Misora lui rappela alors qu'entre le premier et le deuxième meurtre, quatre jours seulement s'étaient écoulés. Neuf-quatre-neuf. L dit que quoi qu'il en soit, le coupable avait laissé des avertissements, et qu'il restait très probablement des indices dans la maison.
L lui dit alors qu'il s'en excusait, mais qu'il devait interrompre la communication, car il y avait certaines choses qu'il devait faire. Misora pensa qu'il devait probablement travailler sur plusieurs affaires à travers le monde. Il lui dit d'un ton confiant qu'il attendait de recevoir ses bonnes nouvelles, et lui demanda, la prochaine fois qu'elle l'appellerait, d'utiliser la Ligne 5.
Elle éteignit le portable et le mit dans son sac, puis commença avant tout par examiner la bibliothèque. Il y avait là 57 livres, étroitement serrés dans les étagères. Elle passa un temps qui lui parut interminable à les sortir et à en feuilleter chaque page, cherchant le moindre signet, la moindre anomalie qui aurait pu constituer un indice. Tous les ouvrages avaient été soigneusement essuyés par le meurtrier. Elle ne trouva rien qui put être le début d'une piste, et observa le lit, sans rien y trouver de plus. Elle pensa à plusieurs autres endroits où un message aurait pu être caché, et réalisa que le tueur, avec les indices qu'il avait laissé, disait "Vous ne pouvez rien contre moi", "Vous ne pouvez pas gagner". Mais... à qui s'adressait-il ? La police, la société, le monde...mais elle avait le sentiment que c'était plus personnel.
Ce qui l'amena à se dire "Quelque chose qui devrait être dans la chambre, mais qui n'est plus là...". Les poupées ? Non, Believe Bridesmaid. Elle regarda les photos prises sur la scène du crime. Si il y avait un message laissé sur la victime elle-même...Sur l'une des images, Bridesmaid portait un T-shirt, couvert de sang, mais sans aucune déchirure, comme si on le lui avait enfilé après l'avoir tué. Enfin, sur une photographie de l'autopsie, elle remarqua que les blessures avaient la forme de lettres de l'alphabet : V, C, M, V, X, D, trois I, L.

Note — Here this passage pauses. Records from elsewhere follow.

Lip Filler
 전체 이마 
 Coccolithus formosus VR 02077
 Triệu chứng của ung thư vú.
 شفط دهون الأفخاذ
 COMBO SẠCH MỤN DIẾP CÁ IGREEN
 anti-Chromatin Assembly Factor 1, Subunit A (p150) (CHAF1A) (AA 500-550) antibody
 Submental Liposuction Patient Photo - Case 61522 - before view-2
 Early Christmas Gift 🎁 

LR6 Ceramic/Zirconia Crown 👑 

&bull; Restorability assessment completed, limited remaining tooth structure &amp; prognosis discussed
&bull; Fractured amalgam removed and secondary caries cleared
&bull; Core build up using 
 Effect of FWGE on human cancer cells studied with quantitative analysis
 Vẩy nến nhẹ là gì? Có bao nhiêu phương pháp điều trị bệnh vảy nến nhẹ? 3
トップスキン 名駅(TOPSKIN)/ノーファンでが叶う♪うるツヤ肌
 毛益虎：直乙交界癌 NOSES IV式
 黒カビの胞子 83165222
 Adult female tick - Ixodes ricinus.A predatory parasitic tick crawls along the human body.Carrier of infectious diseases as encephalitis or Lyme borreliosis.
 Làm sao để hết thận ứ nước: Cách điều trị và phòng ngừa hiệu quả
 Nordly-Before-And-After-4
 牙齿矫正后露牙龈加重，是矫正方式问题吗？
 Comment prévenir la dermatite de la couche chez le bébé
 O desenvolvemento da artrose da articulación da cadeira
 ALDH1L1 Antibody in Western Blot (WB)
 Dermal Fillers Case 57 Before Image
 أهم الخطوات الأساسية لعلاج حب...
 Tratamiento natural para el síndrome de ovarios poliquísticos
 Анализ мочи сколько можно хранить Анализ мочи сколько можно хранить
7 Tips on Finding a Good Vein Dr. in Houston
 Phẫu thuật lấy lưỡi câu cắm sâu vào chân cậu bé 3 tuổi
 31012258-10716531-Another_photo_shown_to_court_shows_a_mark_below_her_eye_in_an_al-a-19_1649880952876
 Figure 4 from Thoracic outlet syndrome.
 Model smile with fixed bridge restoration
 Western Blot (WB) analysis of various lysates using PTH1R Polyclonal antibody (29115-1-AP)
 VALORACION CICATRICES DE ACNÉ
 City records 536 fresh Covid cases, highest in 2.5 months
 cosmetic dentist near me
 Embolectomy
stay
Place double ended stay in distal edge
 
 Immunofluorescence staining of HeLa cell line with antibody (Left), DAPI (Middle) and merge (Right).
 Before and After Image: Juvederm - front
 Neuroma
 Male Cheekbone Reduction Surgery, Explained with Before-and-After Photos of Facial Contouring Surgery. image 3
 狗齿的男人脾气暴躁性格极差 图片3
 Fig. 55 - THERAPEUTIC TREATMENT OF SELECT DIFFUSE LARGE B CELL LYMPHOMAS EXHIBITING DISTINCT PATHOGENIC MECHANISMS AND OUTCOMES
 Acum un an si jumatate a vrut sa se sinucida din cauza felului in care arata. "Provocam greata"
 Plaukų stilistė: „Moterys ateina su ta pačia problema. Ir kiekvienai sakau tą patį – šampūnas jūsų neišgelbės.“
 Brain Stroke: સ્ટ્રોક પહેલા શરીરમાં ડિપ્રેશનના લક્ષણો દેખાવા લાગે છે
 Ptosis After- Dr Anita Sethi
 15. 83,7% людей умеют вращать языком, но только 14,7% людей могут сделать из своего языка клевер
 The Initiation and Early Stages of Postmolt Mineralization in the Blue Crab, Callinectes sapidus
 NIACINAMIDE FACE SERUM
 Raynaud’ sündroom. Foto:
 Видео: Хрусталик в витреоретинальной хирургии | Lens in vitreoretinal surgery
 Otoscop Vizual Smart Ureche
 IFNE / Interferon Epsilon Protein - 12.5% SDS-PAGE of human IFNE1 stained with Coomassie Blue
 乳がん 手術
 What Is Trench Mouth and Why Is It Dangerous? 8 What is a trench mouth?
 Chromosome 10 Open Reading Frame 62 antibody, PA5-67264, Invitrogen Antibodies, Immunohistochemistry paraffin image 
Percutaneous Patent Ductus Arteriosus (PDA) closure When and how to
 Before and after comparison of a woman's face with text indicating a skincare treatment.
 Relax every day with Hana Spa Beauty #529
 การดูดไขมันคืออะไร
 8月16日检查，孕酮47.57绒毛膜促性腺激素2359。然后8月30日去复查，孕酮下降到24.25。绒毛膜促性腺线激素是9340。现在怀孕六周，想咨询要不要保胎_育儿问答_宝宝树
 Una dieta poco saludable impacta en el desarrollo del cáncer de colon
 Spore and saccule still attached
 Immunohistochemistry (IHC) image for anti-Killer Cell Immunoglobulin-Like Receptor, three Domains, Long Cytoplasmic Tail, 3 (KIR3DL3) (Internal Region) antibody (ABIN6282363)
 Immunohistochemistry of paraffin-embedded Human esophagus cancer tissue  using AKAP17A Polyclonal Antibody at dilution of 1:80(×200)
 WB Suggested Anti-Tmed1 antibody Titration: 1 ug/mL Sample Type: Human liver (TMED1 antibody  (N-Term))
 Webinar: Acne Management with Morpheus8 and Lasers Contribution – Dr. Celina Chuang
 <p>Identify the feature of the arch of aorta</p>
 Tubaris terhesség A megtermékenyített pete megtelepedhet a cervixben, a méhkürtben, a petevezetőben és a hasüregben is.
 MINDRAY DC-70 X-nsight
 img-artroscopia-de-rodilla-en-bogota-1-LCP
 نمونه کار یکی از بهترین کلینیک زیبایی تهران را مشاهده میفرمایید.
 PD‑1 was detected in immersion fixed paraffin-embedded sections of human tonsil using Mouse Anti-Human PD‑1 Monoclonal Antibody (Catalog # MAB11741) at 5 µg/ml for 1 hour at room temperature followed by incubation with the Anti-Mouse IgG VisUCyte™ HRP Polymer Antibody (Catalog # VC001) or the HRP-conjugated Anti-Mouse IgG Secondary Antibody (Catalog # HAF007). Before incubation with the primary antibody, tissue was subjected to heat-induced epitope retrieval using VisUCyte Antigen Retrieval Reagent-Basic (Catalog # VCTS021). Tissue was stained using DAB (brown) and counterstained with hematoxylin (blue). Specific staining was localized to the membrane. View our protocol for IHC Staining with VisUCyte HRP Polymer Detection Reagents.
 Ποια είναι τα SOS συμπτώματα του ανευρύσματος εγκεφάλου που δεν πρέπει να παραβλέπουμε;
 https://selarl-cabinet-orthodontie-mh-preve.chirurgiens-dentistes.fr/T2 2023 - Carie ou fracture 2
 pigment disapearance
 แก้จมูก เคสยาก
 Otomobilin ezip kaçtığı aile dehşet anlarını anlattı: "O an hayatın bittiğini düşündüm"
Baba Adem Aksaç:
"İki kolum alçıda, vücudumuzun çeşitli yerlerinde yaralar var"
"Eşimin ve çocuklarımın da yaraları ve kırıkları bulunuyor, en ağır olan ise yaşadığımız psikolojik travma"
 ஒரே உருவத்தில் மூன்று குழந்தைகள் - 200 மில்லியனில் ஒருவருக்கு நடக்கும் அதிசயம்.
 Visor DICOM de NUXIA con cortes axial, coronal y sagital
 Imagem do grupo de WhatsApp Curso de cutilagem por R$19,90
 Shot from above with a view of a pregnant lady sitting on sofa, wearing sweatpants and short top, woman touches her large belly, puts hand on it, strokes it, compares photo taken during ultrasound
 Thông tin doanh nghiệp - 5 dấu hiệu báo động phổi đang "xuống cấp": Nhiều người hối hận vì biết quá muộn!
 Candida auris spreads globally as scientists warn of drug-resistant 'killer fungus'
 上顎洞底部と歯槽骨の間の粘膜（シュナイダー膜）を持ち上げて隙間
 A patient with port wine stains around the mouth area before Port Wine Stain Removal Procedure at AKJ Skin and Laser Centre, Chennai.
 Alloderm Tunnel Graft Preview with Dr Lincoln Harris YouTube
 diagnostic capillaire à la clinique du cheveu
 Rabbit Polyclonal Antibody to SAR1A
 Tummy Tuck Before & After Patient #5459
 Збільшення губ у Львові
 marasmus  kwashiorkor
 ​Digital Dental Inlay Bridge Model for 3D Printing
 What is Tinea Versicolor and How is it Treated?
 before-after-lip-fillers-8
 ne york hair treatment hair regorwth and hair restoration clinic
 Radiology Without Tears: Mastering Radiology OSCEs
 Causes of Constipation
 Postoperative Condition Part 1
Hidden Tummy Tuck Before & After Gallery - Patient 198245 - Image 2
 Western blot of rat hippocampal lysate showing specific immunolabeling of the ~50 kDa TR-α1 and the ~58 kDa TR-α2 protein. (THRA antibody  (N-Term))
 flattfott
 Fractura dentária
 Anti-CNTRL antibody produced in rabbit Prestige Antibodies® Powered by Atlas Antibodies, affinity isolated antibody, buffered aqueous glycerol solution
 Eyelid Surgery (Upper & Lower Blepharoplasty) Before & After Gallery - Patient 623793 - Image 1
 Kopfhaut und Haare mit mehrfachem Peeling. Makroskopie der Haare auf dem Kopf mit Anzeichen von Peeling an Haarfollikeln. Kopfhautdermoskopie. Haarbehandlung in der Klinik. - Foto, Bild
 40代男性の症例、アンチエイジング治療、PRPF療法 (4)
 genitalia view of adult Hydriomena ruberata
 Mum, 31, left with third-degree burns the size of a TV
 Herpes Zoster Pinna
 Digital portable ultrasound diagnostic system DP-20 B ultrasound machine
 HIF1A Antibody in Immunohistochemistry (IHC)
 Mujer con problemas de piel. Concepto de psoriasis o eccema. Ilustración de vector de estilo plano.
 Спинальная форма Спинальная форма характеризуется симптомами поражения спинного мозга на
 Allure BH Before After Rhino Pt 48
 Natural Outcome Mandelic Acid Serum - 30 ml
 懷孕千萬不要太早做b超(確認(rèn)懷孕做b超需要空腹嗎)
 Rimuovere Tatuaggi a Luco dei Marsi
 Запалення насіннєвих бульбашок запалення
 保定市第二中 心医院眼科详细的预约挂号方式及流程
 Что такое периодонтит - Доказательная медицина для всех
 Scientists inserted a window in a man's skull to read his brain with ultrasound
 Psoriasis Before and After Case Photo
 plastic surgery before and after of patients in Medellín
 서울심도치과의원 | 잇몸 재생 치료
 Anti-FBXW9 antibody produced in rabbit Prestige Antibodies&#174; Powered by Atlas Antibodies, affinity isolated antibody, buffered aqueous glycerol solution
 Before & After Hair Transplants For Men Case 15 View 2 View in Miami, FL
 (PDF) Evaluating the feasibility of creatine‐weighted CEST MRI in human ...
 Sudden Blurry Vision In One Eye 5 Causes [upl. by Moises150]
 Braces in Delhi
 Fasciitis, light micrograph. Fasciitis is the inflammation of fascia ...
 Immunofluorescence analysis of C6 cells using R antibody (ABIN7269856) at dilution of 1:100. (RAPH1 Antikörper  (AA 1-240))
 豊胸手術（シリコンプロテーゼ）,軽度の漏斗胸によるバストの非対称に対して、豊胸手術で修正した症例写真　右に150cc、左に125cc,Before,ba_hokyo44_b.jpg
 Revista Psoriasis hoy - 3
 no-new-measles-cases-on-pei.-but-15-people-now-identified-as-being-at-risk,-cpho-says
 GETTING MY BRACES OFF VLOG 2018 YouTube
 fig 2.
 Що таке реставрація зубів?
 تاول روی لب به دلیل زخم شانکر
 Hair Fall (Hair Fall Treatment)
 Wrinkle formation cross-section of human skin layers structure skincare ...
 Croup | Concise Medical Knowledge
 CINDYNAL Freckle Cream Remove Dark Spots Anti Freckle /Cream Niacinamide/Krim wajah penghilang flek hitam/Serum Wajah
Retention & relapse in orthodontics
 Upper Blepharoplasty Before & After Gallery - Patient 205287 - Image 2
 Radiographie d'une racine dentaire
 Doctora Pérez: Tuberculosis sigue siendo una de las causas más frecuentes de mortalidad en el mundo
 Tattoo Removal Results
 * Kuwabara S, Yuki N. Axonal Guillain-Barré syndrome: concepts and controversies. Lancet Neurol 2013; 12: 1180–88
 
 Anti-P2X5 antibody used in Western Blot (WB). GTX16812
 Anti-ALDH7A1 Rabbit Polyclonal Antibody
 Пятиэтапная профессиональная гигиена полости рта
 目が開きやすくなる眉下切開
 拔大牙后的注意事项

Misora pensa qu'elle aimerait bien avoir l'avis et les observations des enquêteurs sur le sujet, mais elle n'avait pas de badge et on la prendrait sans doute pour une curieuse. Elle décida donc de vérifier les autres chambres, quoiqu'elle soit presque certaine de ne rien y trouver. Elle réalisa soudain qu'elle n'avait pas regardé sous le lit. Alors qu'elle se penchait, elle vit une main en émerger lentement. Elle fit un bond en arrière, et reprit de justesse son équilibre, tentant de garder tout son sang-froid d'agent du FBI relativement expérimenté. Elle regretta de ne pas avoir d'arme.
"Qui... non, qu'est-ce que tu es ??!!!" cria-t-elle. La personne (c'en était bien une) sous le lit s'en extirpa en prenant tout son temps, jusqu'à être à quatre pattes par terre. Elle commença à se demander depuis combien de temps il était là et s'il avait entendu sa conversation avec L. "Réponds-moi ! Qui est-tu ?? " Cria-t-elle à nouveau, en portant une main à sa poche, pour faire semblant d'avoir un revolver.
C'était un jeune homme dont elle ne parvenait pas à déterminer l'âge, qui portait un jean trop grand pour lui et un T-shirt blanc. Il releva la tête. Il avait des cheveux ébouriffés, des yeux noirs grands ouverts, si cernés qu'ils lui firent vaguement penser à des yeux de panda. Il se releva. Il semblait assez grand, mais se tenait si courbé qu'il faisait près de deux têtes de moins que Naomi.
Il releva la tête et son regard étrange vers elle. "Je suis enchanté de vous rencontrer. Appelez-moi Ryûzaki, s'il vous plaît."